Wednesday 21 December 2011

Who said you cannot entertain people with an opinion on the WTO?

Well, the three most important newspapers in Flanders said so, because they didn't publish this opinion piece I co-authored with a colleague of mine. Not that it is not a hot issue, as this robust exchange of views between Paul de Schutter, UN Special Rapporteur on the Right to Food, and Pascal Lamy, World Trade Organisation Director-General, illustrates.

Meh. You get it anyway. With a little help for the Dutch illiterates:
For ten years countries have tried to reach a new free trade agreement within the WTO, the so-called Doha Development Agenda. Negotiations have clearly stalled. The 8th ministerial summit (held in Geneva on 15-17 December) won't change this situation. The sought-after result of the Doha negotiations won't be reached, because the key to development is not even on the table: agricultural protection and food security.
Big players, such as the EU and the US, have anticipated the WTO's gradual opening up of food markets to free trade, by creating agricultural policies that protect (read: give income subsidies to) their farmers from cheap imports, with which they cannot compete. They did this because agriculture is a sensitive issue: for, if a country becomes too dependent on food imports, it can no longer guarantee food provision to its people. A crisis only has to occur for export countries to shut their food supplies (and, as of late, they have occurred rather frequently; just think of the 2008 food crisis). Thus, free trade in foodstuffs forces high income countries to subsidise their agricultural sectors, to prevent cheap imports from killing them.
Low and middle income countries, too, have similar issues; their farmers are often not able to compete with foodstuffs that are produced cheaper elsewhere. The difference, however, lies in the absence of a government budget that is able to protect the agricultural sector and (mainly small scale) farmers, who drown and go hungry.

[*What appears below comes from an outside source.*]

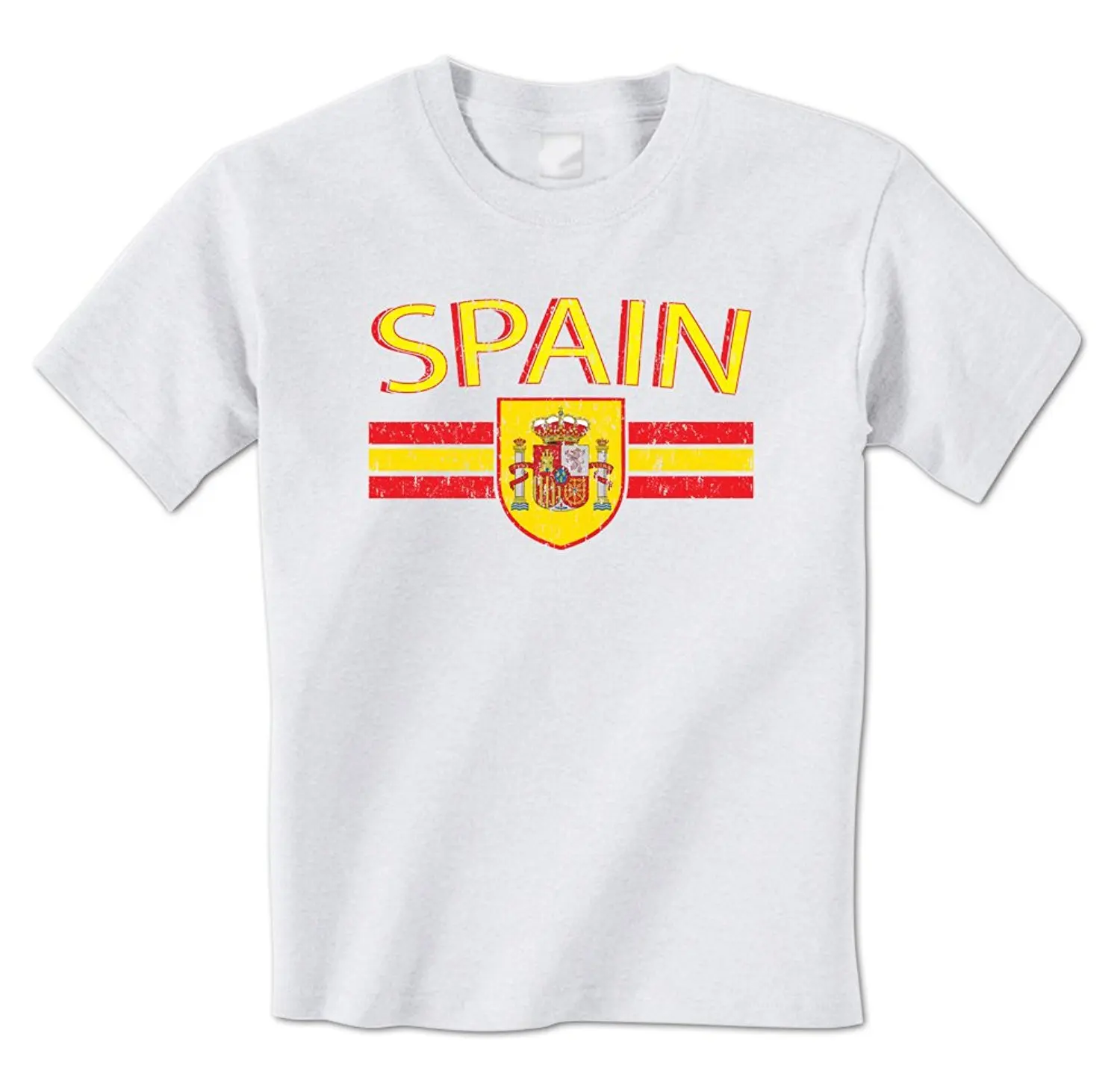 

2018 Hot sale Fashion Spain Distressed Flag Banner -Spanish Espana Crest Shield Mens T-Shirt Tee shirt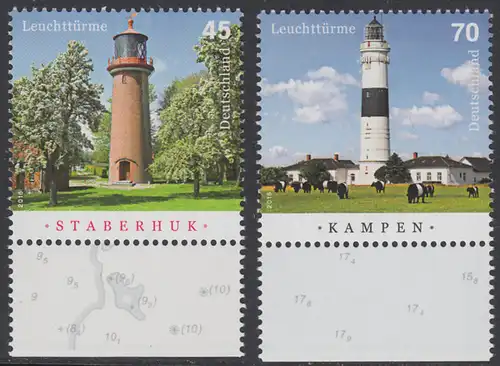 BUND 2016 Michel-Nummer 3252-3253 postfrisch SATZ(2) EINZELMARKEN RÄNDER unten (a)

This problem becomes even more acute when taking the many concessions of bilateral trade agreements into account, which tend to grant even more access to food markets than is the case in multilateral trade agreements. That explains why West Africa has been flooded in the past two decennia with cheap imports of grains, rice, meat and milk powder (among others), which have seriously disrupted local production and endangered food security.
This situation is not tenable. Which is why low and middle income countries have proposed to introduce flexible tariffs, to safeguard the development of their own agricultural and food sectors, while maintaining the option to cover any food shortages with imports from abroad. These proposals, however, have never been seriously considered. Yet, so long as they won't, these countries will not gain from negotiating further market access in other sectors, as is the case in the present Doha negotiations.
As a matter of fact, the European Union would also stand to gain from questioning free trade in foodstuffs. The common agricultural policy is born out of free market rules, whereas shifting towards more controlled market mechanisms (to harmonise production and import volumes) could render subsidies superfluous. 
About time, then, to see this round of negotiations to the door and start designing free trade that is more just and sustainable, offering farmers in the North and the South a fair chance to supply their fellow citizens.